With the increasing application scale and field of lithium ion batteries, deflagration accidents of lithium ion batteries caused by thermal runaway frequently occur in recent years. Because the composition of the lithium ion battery is complex, the combustion type of the lithium ion battery has the characteristics of A, B, C, D and E fires, and the lithium ion battery has the characteristics of quick combustion, existence of jet fire, high temperature, easy re-combustion and the like. In the fire fighting of lithium battery fires in open spaces (such as new energy vehicle fires, energy storage power station fires and the like), the conventional dry powder extinguishing agent, gas extinguishing agent and the like cannot achieve a good fire extinguishing effect, and an effective lithium battery fire extinguishing agent needs to be developed urgently.
Research shows that water is the best temperature reducer for lithium battery fire, but the water has poor permeability due to high surface tension, and is difficult to infiltrate into the lithium battery to realize sufficient temperature reduction.
In view of the above problems, no effective solution has been proposed.
Disclosure of Invention
This summary is provided to introduce a selection of concepts in a simplified form that are further described below in the detailed description.
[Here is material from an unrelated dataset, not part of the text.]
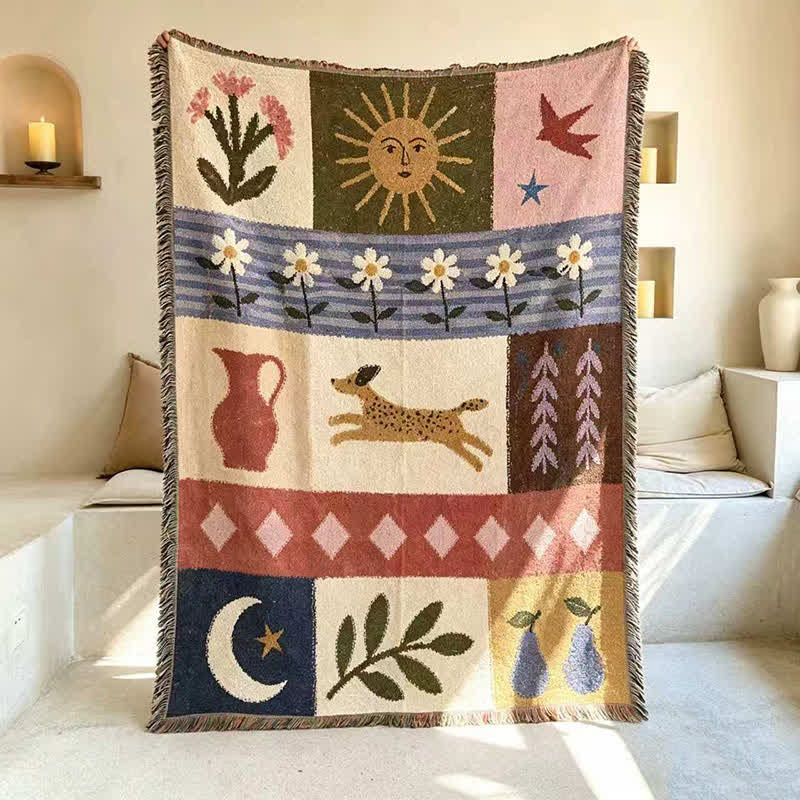 Puppy Pattern Patchwork Fringe Throw Blanket - image 2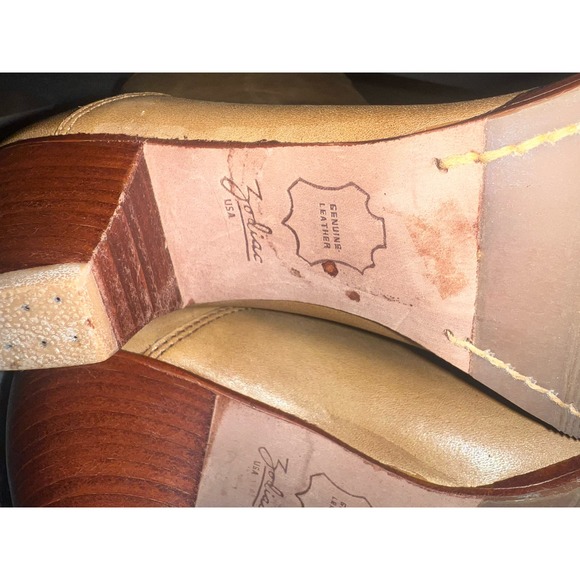Vintage 70's Zodiac tan leather western calf boots. NEW Women's size 8.5 - Picture 6 of 11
This summary is not intended to identify key features or essential features of the claimed subject matter, nor is it intended to be used to limit the scope of the claimed subject matter.
Some embodiments of the present application propose a fire extinguishing agent based on C4 gemini fluorinated surfactants, a preparation method and applications thereof to solve the technical problems mentioned in the background section above.
As a first aspect of the present application, some embodiments of the present application provide a fire extinguishing agent based on a C4 gemini fluorinated surfactant, comprising the following components in percentage by mass: 0.2 to 1.0 percent of C4 twin-linked fluorine surfactant, 1.0 to 2.0 percent of hydrocarbon surfactant, 0.2 to 1.0 percent of thickening agent, 3.0 to 5.0 percent of flame retardant, 0.01 to 0.05 percent of buffering agent and the balance of water, wherein the fluorine surfactant is the twin-linked fluorine surfactant with 4 carbon fluorocarbon chain length and has the structure shown in the formula (I),
formula (I);
wherein n is a positive integer with a value ranging from 2 to 6; the hydrocarbon surfactant, the thickening agent, the flame retardant and the buffering agent are all nonionic compounds.
As a second aspect of the present application, some embodiments of the present application provide a method for preparing a fire extinguishing agent based on a C4 gemini type fluorosurfactant, comprising:
and sequentially adding water, the C4 twin type fluorine surfactant, the hydrocarbon surfactant, the thickening agent, the flame retardant and the buffering agent into a mixing kettle, and uniformly stirring to obtain the extinguishing agent based on the C4 twin type fluorine surfactant.
As a third aspect of the present application, some embodiments of the present application provide a use of a fire extinguishing agent based on a C4 gemini fluorinated surfactant for lithium battery fire fighting.
As a fourth aspect of the present application, some embodiments of the present application provide a use of a fire extinguishing agent based on a C4 gemini fluorinated surfactant for fire protection of a class a fire and a class B fire.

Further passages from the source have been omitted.